Finding an adequate facility to handle a rooftop antenna is not simple, Savoie said.

“You have quite a few tall buildings that are surrounded by other tall buildings, and you have a finite amount of buildings with the height and roof structure to handle a master antenna,” Savoie said.

“The problem is no one wants a 1,500-foot tower in their backyard,” said Mike Tocco, CE for WPAT(FM), one of the affected stations. “I don’t expect to see a new transmission facility built any time soon.”

Another possible replacement site, the Alpine tower site, has an antenna height of nearly 1,200 feet and sits north of Manhattan and across the Hudson River. Engineers believe Alpine is an inferior alternative to Empire, Tocco said.

“It wouldn’t give us the type of coverage pattern we need,” Tocco said.

For radio, Alpine serves only as the back-up transmitter site for WPLJ(FM), he said.

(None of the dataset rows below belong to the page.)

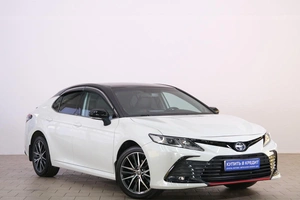 Седан Toyota Camry 2021 года, 2759000 рублей, Омск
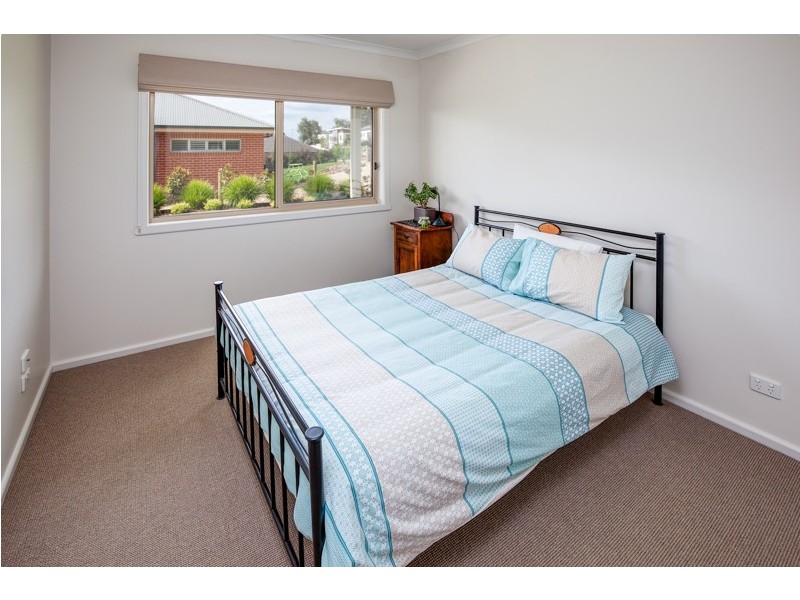 8 Peregrine Place, Wodonga VIC 3690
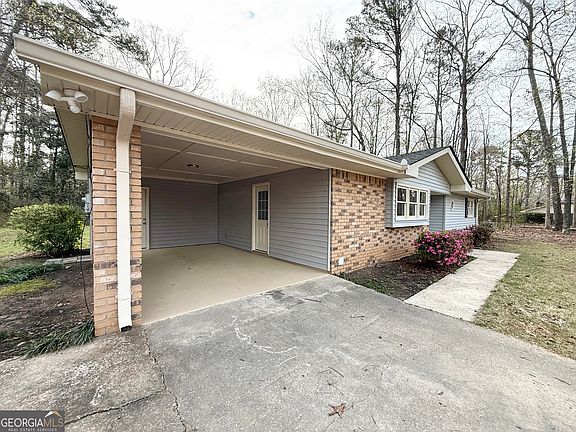 2nd image of 402 Ginger Cir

Libin said New York City’s FM band is so crowded that radio stations must seek options to give them the best possible signal for optimum coverage.

“It’s also very crowded in nearby markets, so you really have a daisy-chain effect. So if you find a decent transmission spot, but not perfect, then you have co-channel or adjacent-channel issues to deal with,” Libin said.

David Groth, president of Radio Engineering Services, said antenna location is the most important decision broadcasters must make when building a transmitter site in the one of the country’s most congested radio market.

“What you are dealing with is geography. In this case it’s tall buildings. In Manhattan, you have severe multipath distortion because of it. You have to get your signal out over the skyline to have good coverage and to reach the suburbs,” Groth said.

He said all of New York City’s top-rated stations are on Empire or were on the World Trade Center.

“Reception is king. People receive something on every notch of their radio dial. The more you jump out at someone, the more likely it is they’ll hear you,” he said.

The Helmsley-Spear and the Durst Organization, the owners of the Empire State and Conde Nast buildings respectively, have frozen their rates for rooftop space at levels set prior to the Sept. 11 World Trade Center catastrophe, Savoie said.